* _Work order_: Verbatim reproduction of the entries is required; images must be omitted.

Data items
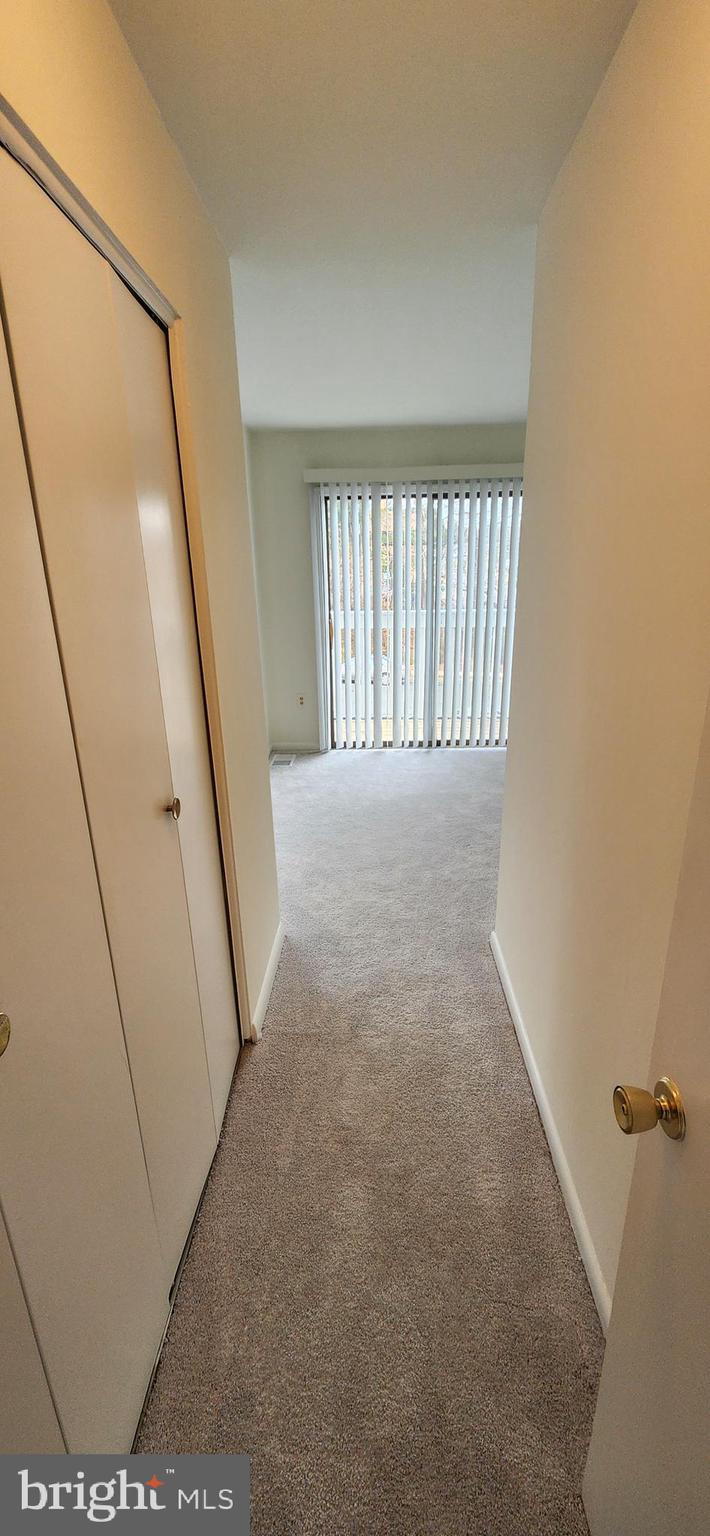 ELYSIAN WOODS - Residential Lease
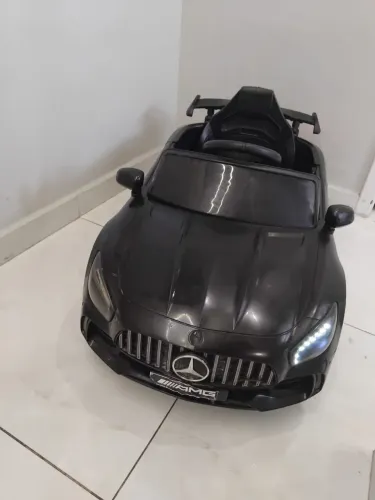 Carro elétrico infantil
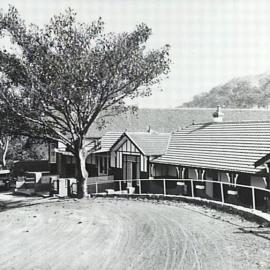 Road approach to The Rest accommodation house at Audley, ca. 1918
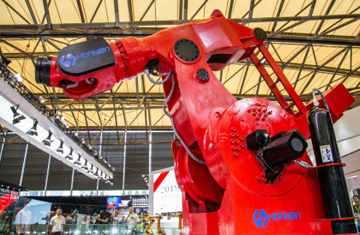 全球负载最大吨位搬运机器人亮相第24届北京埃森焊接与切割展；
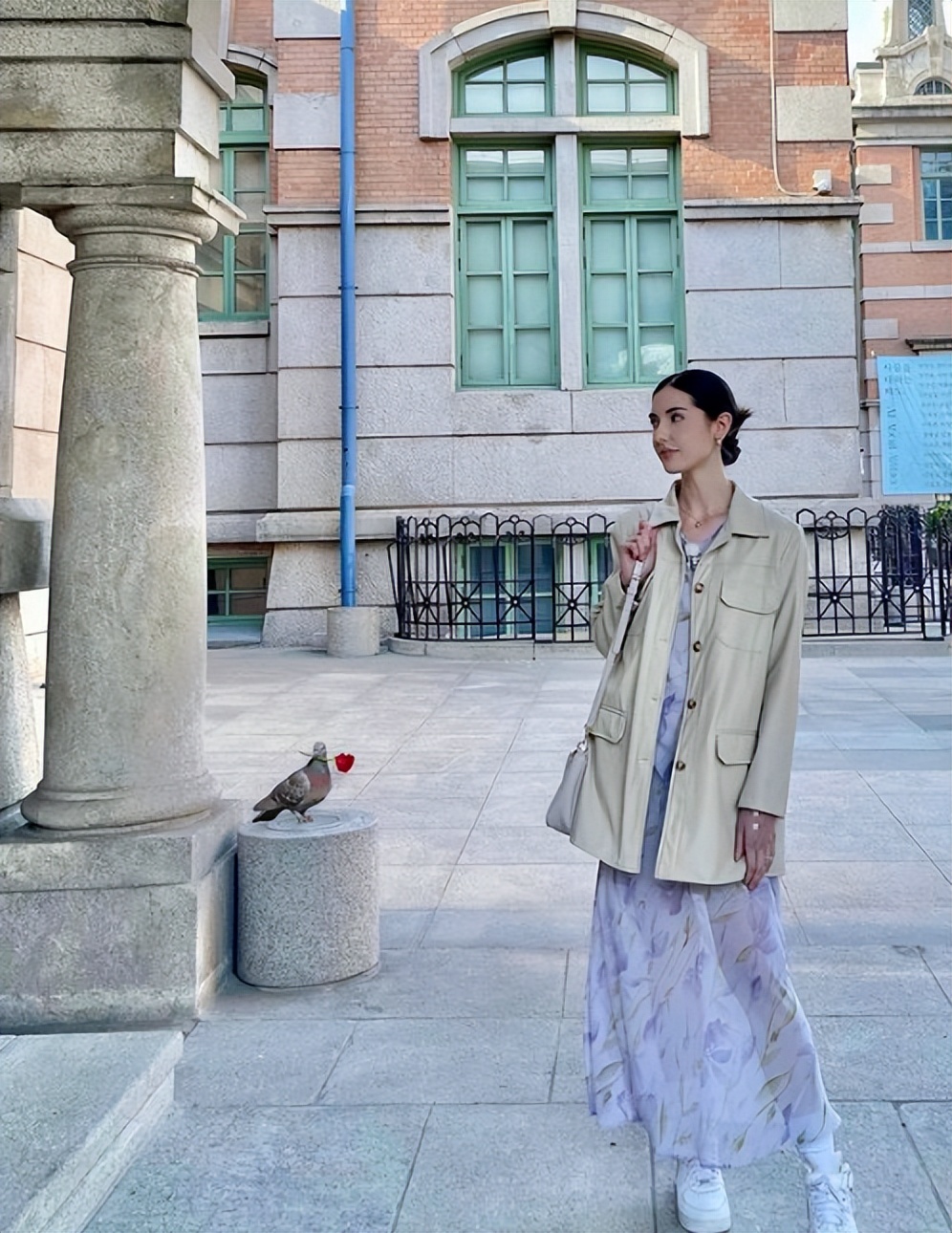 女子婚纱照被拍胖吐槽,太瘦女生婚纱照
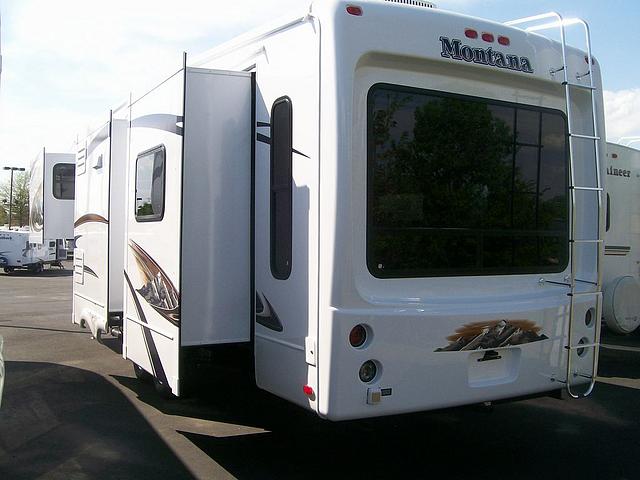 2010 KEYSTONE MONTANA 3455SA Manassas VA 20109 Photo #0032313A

* _Written reply_:
 ELYSIAN WOODS - Residential Lease
 Carro elétrico infantil
 Road approach to The Rest accommodation house at Audley, ca. 1918
 全球负载最大吨位搬运机器人亮相第24届北京埃森焊接与切割展；
 女子婚纱照被拍胖吐槽,太瘦女生婚纱照
 2010 KEYSTONE MONTANA 3455SA Manassas VA 20109 Photo #0032313A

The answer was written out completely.